Why? The court has not covered itself with glory when dealing with the occupied territories. It has allowed the destruction of many Palestinian homes as retaliation for "terrorist" acts, approved "moderate" torture, assented to the "separation fence" (which was condemned by the international court), and generally positioned itself as an arm of the occupation.
But in some cases, the law has not enabled the court to wriggle out of its responsibilities. It has called for the demolition of "outposts" set up on private Palestinian property. It has forbidden "targeted killing" if the person could be arrested without risk, it has decreed that it is unlawful to prevent an Arab citizen from living in a village on state-owned land, and so on.
Each such decision drew a howl of rage from the rightists. But there is a deeper reason for the extreme antagonism.
UNLIKE MODERN Christianity, but very much like Islam, the Jewish religion is not just a matter between Man and God, but also a matter between Man and Man. It does not live in a quiet corner of public life. Religious law encompasses all aspects of public and private life. Therefore, for a pious Jew -- or Muslim -- the European idea of separation between state and religion is anathema.
The Jewish Halakha, like the Islamic Shari'a, regulates every single aspect of life. Whenever Jewish law clashes with Israeli law, which one should prevail? The one enacted by the democratically elected Knesset, which can be changed at any moment if the people want it, or the one handed down by God on Mount Sinai for all time, that cannot ever be changed (at most can be interpreted differently)?
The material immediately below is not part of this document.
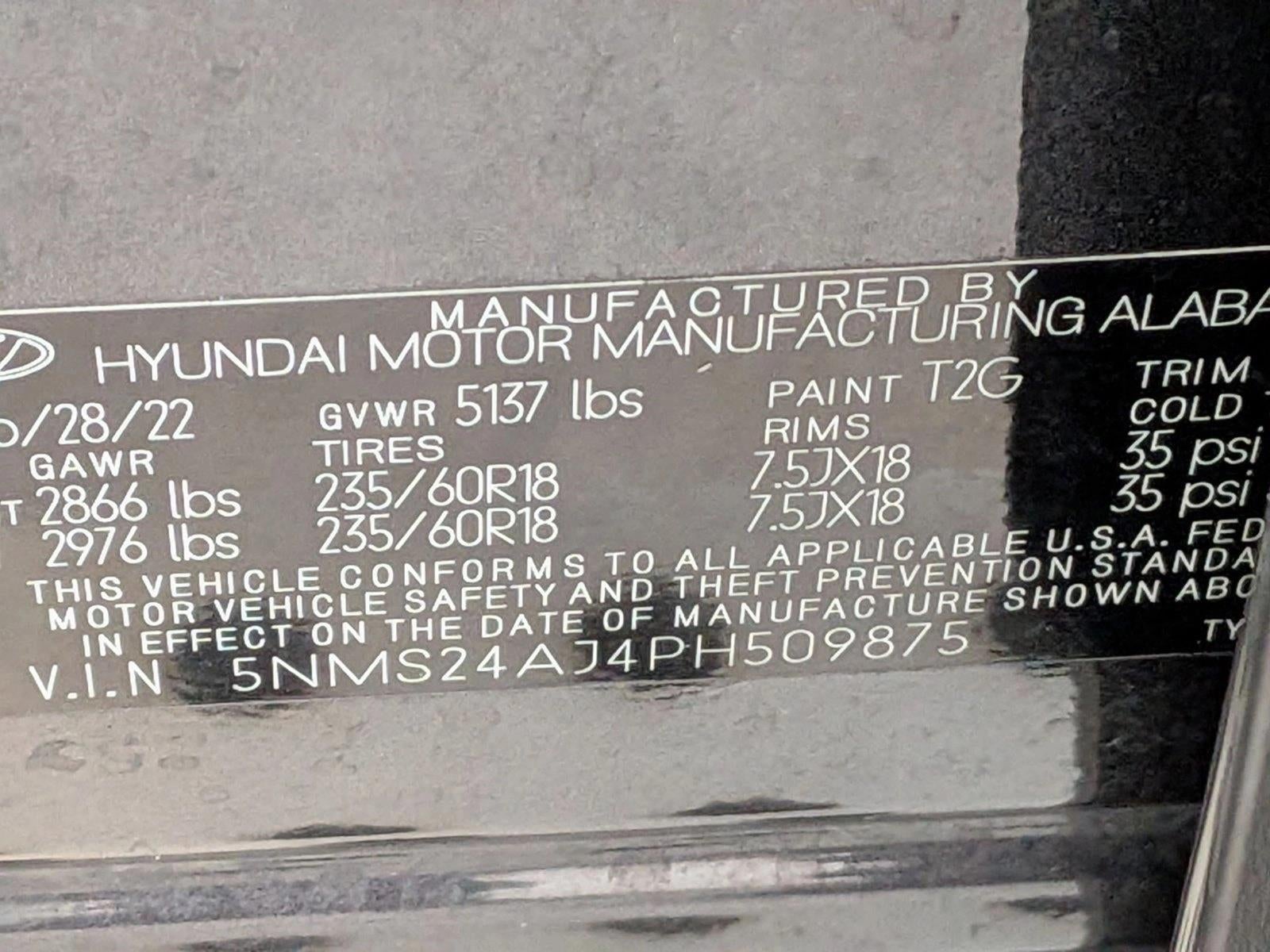 2023 Hyundai SANTA FE SEL FWD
Religious fanatics in Israel insist that religious law stands above the secular law (as in several Arab counties), and that the state courts have no jurisdiction over the clerics in matters that concern religion (as in Iran). When the Supreme Court ruled otherwise, the most respected Orthodox rabbi easily mobilized 100,000 protesters in Jerusalem. For years now, religious cabinet ministers, law professors and politicians, as well as their political supporters, have been busy chipping away at the integrity, independence and jurisdiction of the Supreme Court.
This is the crux of the matter. The Attorney General considers a book calling for the killing of innocent children an act of criminal incitement. The rabbis and their supporters consider this an impertinent interference in a learned religious debate. There can be no real compromise between these two views.
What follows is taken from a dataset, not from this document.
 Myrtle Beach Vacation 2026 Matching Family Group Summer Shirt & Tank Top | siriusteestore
For Israelis, this is not just an academic question. The entire religious community, with all its diverse factions, now belongs to the rightist, ultra-nationalist camp (except for pitiful little outposts like Reform and Conservative Jewry, who are the majority among American Jews). Transforming Israel into a Halakha state means castrating the democratic system and turning Israel into a second Iran governed by Jewish ayatollahs.
It will also make peace impossible for all time, since according to the rabbis all of the Holy Land between the Mediterranean Sea and the Jordan River belongs solely to the Jews, and giving the Goyim even an inch of it is a mortal sin, punishable by death. For this sin, Yitzhak Rabin was executed by the student of a religious university, a former settler.
Not the whole religious camp subscribes to the unrelenting extremism
of Rabbi Lior and his ilk. There are many other trends. But all of these
keep quiet. It is Lior, the rabbi who Possesses the Light, and his
like-minded colleagues, who chart the course.